With a vast variety of components in ML.NET, it is important to have a consistent way to discover them. You can use the MLContext object for this purpose.

Create one MLContext for your entire application. All ML.NET components and operations are available as methods of various sub-objects of MLContext.

MLContext.Data contains operations related to creating IDataViews (other than transformers):
- Loading / saving data to a file
- Caching the data in memory
- Filtering (removing rows from data)

Remember that IDataViews are immutable, so each of the above operations create a new IDataView. On the other hand, IDataViews are also lazy, so there is no data replication from the above.

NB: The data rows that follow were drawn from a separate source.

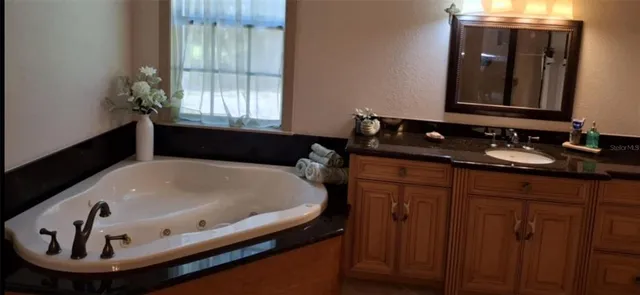 a bathroom with a bathtub and a sink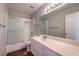 Bright bathroom with a shower-tub combo and a large mirror over the white vanity at 4357 Valley Regal Way, North Las Vegas, NV 89032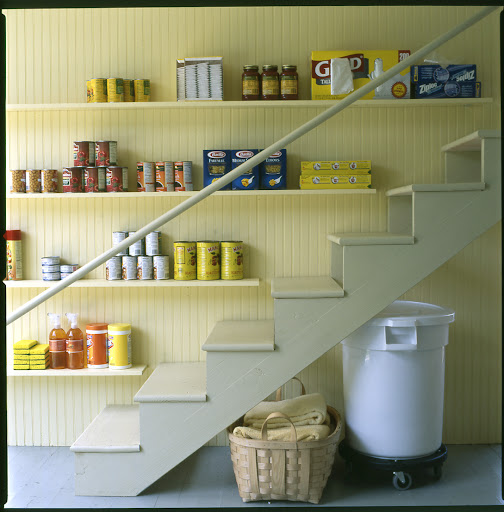 Narrow shelving installed along a stairway, like one leading to the basement, is perfect for storing cleaning products, trash bags, or other non-perishable goods. Narrow shelving installed along a stairway, like one leading to the basement, is perfect for storing cleaning products, trash bags, or other non-perishable goods.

MLContext.Model contains operations related to models (transformers): saving and loading, creating prediction functions.
MLContext.Transforms contains estimators for non-prediction operations:
- Categorical for handling categorical values
- Text for natural language processing
- Conversion for various type conversions
- Projection for vector operations (like Principal Component Analysis, Random Fourier features, Vector Whitening etc.)
- Normalization/rescaling
- Column-related operations (rename, delete, clone, concatenate, etc.)
- etc.
MLContext.BinaryClassification, MulticlassClassification, Ranking, etc. are catalogs of learning algorithms for specific machine learning tasks.
- TrainTestSplit and CrossValidate to facilitate the respective operations
- Trainers containing various task-specific trainers.
MLContext.Log is a providing a stream of text messages about the long-running processes ML.NET is running.

We are continuously adding new extensions to MLContext catalog, so if certain operations are not yet available, they will in the future.